Может, и не успел уже прочесть эти мои слова Коля. Но более всего отозвались во мне слова о Шипилове, что птица божия он. Так воспринимали его, стало быть, и другие. Легкие, трепетные эти пернатые существа, и более всего, наверное, из всех птиц я люблю их. Заворожили они однажды меня, когда весело цвиркали, перепархивая в кущах кустарника у тоннеля одного на старой Кругобайкальской железной дороге, и долго я наблюдал за их синичным сообществом, уловив в нем что-то людское, теплое.

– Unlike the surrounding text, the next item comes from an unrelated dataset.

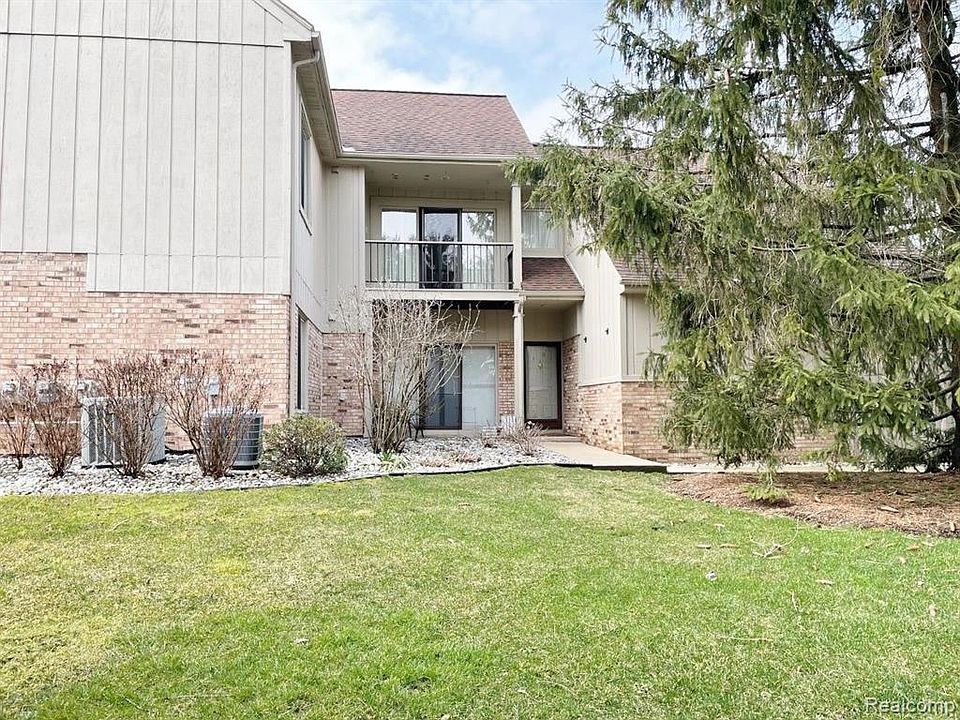 29319 Laurel Dr, Farmington, MI 48331 Zillow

Синицы – ниспосланные человеку комочки счастья, глядя на них, хочется улыбаться. По живости, любопытству, открытости миру, счастливому щебетанью и одновременно с этим философской какой-то сосредоточенности самих в себе крохотули-синицы истинно божии птицы. И не удивительно, что есть среди них и отшельники, а по-другому монахи, как есть они и среди людей, такие среди нас особи, кто занимается своим отдельно от других. Глядел я на одну одну синицу-отшельницу, и так и подмывало меня спросить ее, какому же богу она молится. Весело даже подумал, что одиночество такое – удел гениев и орлов. В общем, представляю я почему-то синицами тех, кого можно отнести к артистическому человечеству. Крылатыми людьми называю я их. Это будто о них говорил Иисус Христос: «Вы лучше многих птиц».

ЛК:

Крылатые люди – те, кого отношу я к хомо криенсам. Это люди духа, а дух – парение, витание в сферах, он никогда не приземляется, и мир предстает для парящего человека мыслью в живых меняющихся координатах. Истинно, все текуще, как слова в нас, полумысли и получувства. Бездна парения, по мысли Ясперса, есть пространство свободы. И именно в состоянии этой свободы «избранные и отмеченные» Провидением люди улавливают истину, это перо Жар-птицыно. Летающим, как на картине Марка Шагала, доступны и высшие откровения любви Если это не безголовый тип с ведром, что парит над коровой, которому млеко лишь давай. Так коррупционеры живут с одной лишь мыслью о корысти. «Где искать опоры?» – спрашивал Вернадский. И себе отвечал: «Искать в бесконечном, в творческом акте, в бесконечной силе духа». Да-да, в полетной его силе, скажем мы. Философия крыластости мира в человеке, он – исток, корень такой цивилизации… И не мог жить без крыла и Коля Шипилов. В тексте, лежащем передо мной, были уже выделены оранжевым фломастером строки, которые рождали в моей душе свой отзыв. Эти трепетные фрагментики и настраивать стали мою душу на сказку. Вот первый:

«Сколько помню Николая, всегда у него на манер крыла жила за спиной шестиструнная гитара – верная спутница жизни и боевая подруга».